I have been freeballing all day, I know, not as impressive as ****ing sheep


----------



## Bro Bundy (May 2, 2017)

stonetag said:


> I fuked a sheep once, don't tell anyone.



I actually believe you


----------



## Bro Bundy (May 2, 2017)

Gibsonator said:


> I have been freeballing all day, I know, not as impressive as ****ing sheep



but do your balls smell? Mine do


----------



## Gibsonator (May 2, 2017)

Bro Bundy said:


> but do your balls smell? Mine do



I would imagine so. I'll spruce em up a bit with old spice deodorant before I step in the gym lol


----------



## Bro Bundy (May 2, 2017)

Gibsonator said:


> I would imagine so. I'll spruce em up a bit with old spice deodorant before I step in the gym lol



why ..Postworkout balls are the best..when u get home use your girlfriends favorite face towel to wipe them down


----------



## PillarofBalance (May 2, 2017)

Gibsonator said:


> I have been freeballing all day, I know, not as impressive as ****ing sheep



Yeah nobody is impressed here. We can all admit it. We are jewce heads. Our balls are barely palpable without quantities of hcg lol


----------



## stonetag (May 2, 2017)

Bro Bundy said:


> I actually believe you



I knew YOU would understand Bundy...lol


----------



## BigSwolePump (May 2, 2017)

This thread got out of hand pretty quick LMAO!!


----------



## therealkozmo (May 2, 2017)

now your avatar makes sense





Milo said:


> I drew dicks on public property as a child.


----------



## ToolSteel (May 2, 2017)

Op is a fgt. No mention of yam root.


----------



## BRICKS (May 2, 2017)

Seeker said:


> Dude I'm laughing pretty hard here. Loolol where are the pics?

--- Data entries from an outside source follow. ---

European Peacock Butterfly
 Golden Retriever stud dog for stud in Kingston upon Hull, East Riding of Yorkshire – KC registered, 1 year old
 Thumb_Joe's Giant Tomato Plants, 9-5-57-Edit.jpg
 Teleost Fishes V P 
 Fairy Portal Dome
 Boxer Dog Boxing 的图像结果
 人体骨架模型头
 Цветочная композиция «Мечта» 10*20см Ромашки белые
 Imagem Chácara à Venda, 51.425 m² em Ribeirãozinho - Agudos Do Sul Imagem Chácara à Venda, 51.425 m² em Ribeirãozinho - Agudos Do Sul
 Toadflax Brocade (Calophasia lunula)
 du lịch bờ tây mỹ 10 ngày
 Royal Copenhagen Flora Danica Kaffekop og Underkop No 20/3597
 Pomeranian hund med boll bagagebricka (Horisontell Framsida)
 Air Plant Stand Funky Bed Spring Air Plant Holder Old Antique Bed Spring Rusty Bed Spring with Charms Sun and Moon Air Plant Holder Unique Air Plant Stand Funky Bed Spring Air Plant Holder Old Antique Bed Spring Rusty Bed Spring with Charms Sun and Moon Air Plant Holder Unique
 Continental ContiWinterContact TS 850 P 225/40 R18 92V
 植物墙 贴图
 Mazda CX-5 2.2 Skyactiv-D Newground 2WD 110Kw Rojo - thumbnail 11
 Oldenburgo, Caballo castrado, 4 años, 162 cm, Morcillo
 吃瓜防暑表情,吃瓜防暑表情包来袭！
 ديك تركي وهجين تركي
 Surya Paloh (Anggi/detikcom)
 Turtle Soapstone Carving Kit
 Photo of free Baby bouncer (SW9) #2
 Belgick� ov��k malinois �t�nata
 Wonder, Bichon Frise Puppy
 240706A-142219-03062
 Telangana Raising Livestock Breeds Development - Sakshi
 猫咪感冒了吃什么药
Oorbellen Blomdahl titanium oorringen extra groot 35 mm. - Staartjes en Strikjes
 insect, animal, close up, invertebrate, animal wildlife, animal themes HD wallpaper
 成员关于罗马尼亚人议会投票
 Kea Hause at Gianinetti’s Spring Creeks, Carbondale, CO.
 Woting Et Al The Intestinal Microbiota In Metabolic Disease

They'll show up in the Hairy Snatch thread


----------



## captncrunchyslams (May 2, 2017)

OP was written like the beginning of a very homosexual erotica


----------



## John Ziegler (May 2, 2017)

Itburnstopee said:


> I once pissed all over a girls car 5 minutes before she left a party because she stole a fleshlight from me and never gave it back



Talk about pissed off


----------



## NbleSavage (May 2, 2017)

I once frightened my mailman by going to the door stark naked.

I'm not sure which scared him more - my nudity or the fact that I knew where he lived.


----------



## PillarofBalance (May 3, 2017)

Every single one of is has to be brain damaged. Good god this thread is a treasure


----------



## BRICKS (May 3, 2017)

PillarofBalance said:


> Every single one of is has to be brain damaged. Good god this thread is a treasure



Agree there.  Think about it.  There's only one thing I like doing more than the gym. Lift things up and put them down.  Move tremendous amount of iron.  And the useless and sore, this hurts, that aches, do it again, day in, day out, never gets boring....it ridiculous when you think about it.  But whenever I've had to take time off and I've come back to it, that bar feels so damn good in my hands.  Definitely brain damaged.


----------



## gorilla86 (Jun 17, 2017)

Sounds like the OP likes a nice tea and a good cry.


----------



## Gibsonator (Jun 17, 2017)

lol I forgot about this one, yes we are definitely all brain damaged to some extent pob


----------